Le père Murmu explique que la situation socio-économique de son groupe ethnique d’origine est particulièrement précaire. « Quand j’étais enfant, les Mahalis étaient pauvres, mais ils avaient des terres et divers revenus liés aux ventes des produits de vannerie. Aujourd’hui, beaucoup ont abandonné leurs métiers traditionnels et travaillent dans les champs. Mais leur foi est forte. Ils vont à la messe et ils participent activement aux activités paroissiales. » Le père Murmu se dit heureux de servir les communautés indigènes, en particulier celles qui sont aussi pauvres que sa propre famille. « Je suis heureux d’avoir choisi cette vie et je trouve la joie auprès des pauvres. »

Environ 0,4 % de catholiques

Les Oblats font partie des vingt ordres religieux les plus actifs au Bangladesh. Leur mission a commencé dans le pays en 1973 avec des prêtres venus du Sri-Lanka. Depuis, 28 Bangladais ont été ordonnés prêtres au sein de la congrégation, dont quatre qui sont partis comme missionnaires à l’étranger. Mgr Bejoy N. D’Cruze, archevêque de Dacca, en est lui-même issu. Aujourd’hui, dans ce pays majoritairement musulman, les catholiques forment toujours une petite minorité malgré l’engagement de nombreux missionnaires depuis cinq siècles. Les chrétiens représentent environ 0,4 % de la population, sur 160 millions d’habitants.

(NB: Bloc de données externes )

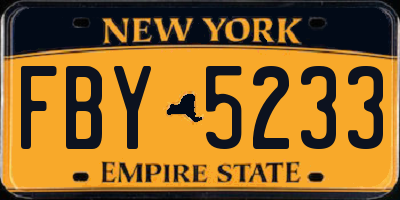 NY license plate FBY5233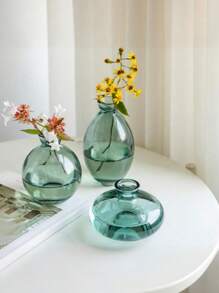 Set de 3 mini jarrones modernos (verde) - Perfectos para decoración del hogar, arreglos florales, fiestas y talla grande, decoración del hogar, jarrón de flores, centro de mesa, decoración de mesa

On compte huit diocèses bangladais pour environ 400 000 catholiques, dont la moitié sont indigènes. Selon l’Église locale, le nombre de vocations a tendance à croître au sein des communautés indigènes, contrairement aux communautés bengalies. Aujourd’hui, le nombre de missionnaires étrangers a baissé, et les prêtres et religieux bangladais s’occupent de la plupart des paroisses du pays. Au Bangladesh, sur 120 paroisses catholiques, 90 % sont occupées par des prêtres autochtones. Le premier prêtre bengali, le père Dominic D’Rozario, a été ordonné en 1928.